Authors: Ryan Casey
“
W
e only use
the guns if we have to,” Hayden shouted.
“I’d say this fucking qualifies as ‘have to’,” Sarah said.
The group of four sprinted as fast as they could through the trees. The ground switched between icy and thawed as the sun peeked in through cracks in these evergreen trees. Hayden tried to keep his balance. He couldn’t slip. Couldn’t fall. Not now.
Behind, the guttural groans of the zombies grew ever closer.
“Which way?” Hayden shouted.
“Any way!” Gary said. “Ain’t sure directions matter too much right now.”

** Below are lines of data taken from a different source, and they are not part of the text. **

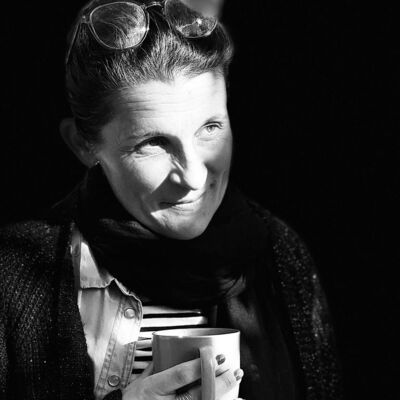 Votre conseillère(er) Natacha LECLERE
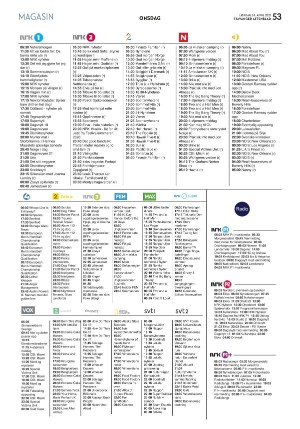 aftenbladet_pluss-20210424_000_00_00_053.pdf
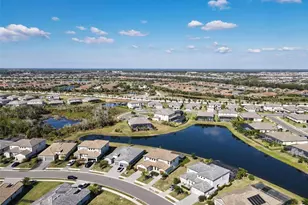 15627 White Linen Dr, Bradenton, FL 34211 - Photo 49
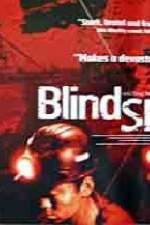 Watch Mine Shaft Movie4k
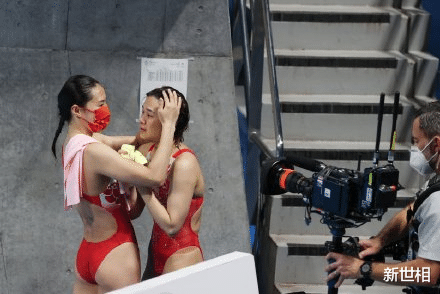 新世相|刘翔说没必要道歉 那些冠军的结局，我们都猜错了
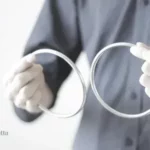 [Exclusive] Mobile by Tatta Latta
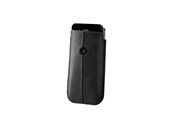 Handys - Cover & Cases - Samsonite Dezir Swirl Fashion M mobile phone case - P12*09002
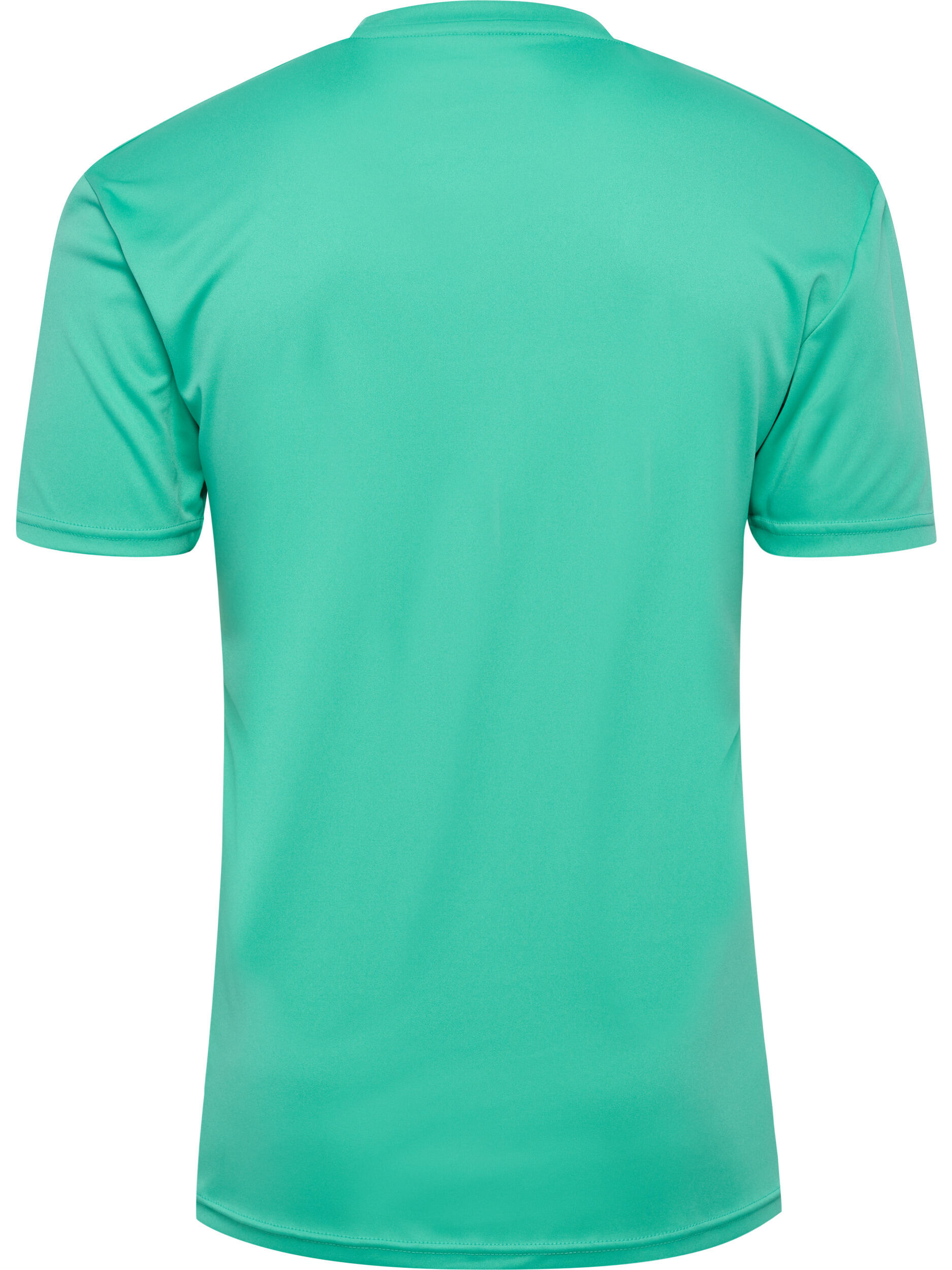 Jersey Hummel Logo 2/7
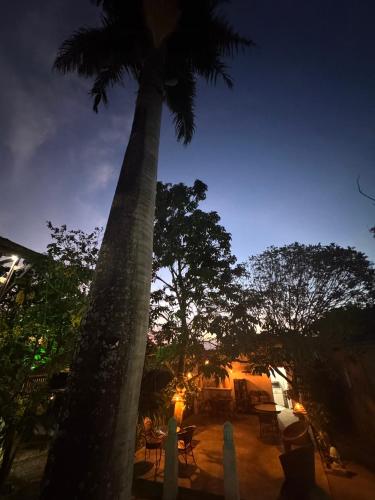 Suíte 7 - Village Capixaba, Gravatá (photo 3)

Hayden didn’t like that, but shit—he was hardly in a position to argue. So he kept on running. Felt the loose branches of trees scrape against his face, felt his knees tensing up with every awkward step, a stitch spreading through his stomach and threatening to floor him.
“An opening!” Holly said. “Up ahead!”
Hayden didn’t have time to scrutinise Holly’s words. He told himself not to peek over his shoulder but doing so just prompted him to look.
A dozen of them. At least.
Not a smidgen of frostiness about the way they were moving. Not now.
And then he stumbled forward.
Felt himself floating through the air, like he was moving in slow motion.
And just as quickly as he’d slipped, Hayden found his footing again, kept on running like it was all just part of the plan.
“Which fucking opening are you on about?” Sarah shouted, not giving a shit about how her voice might attract the undead—and with reason. They were attracted as it damned well was.
“I … I dunno,” Holly said. “I swore I saw—”
A half-dozen strong group of zombies staggered from behind the trees up ahead.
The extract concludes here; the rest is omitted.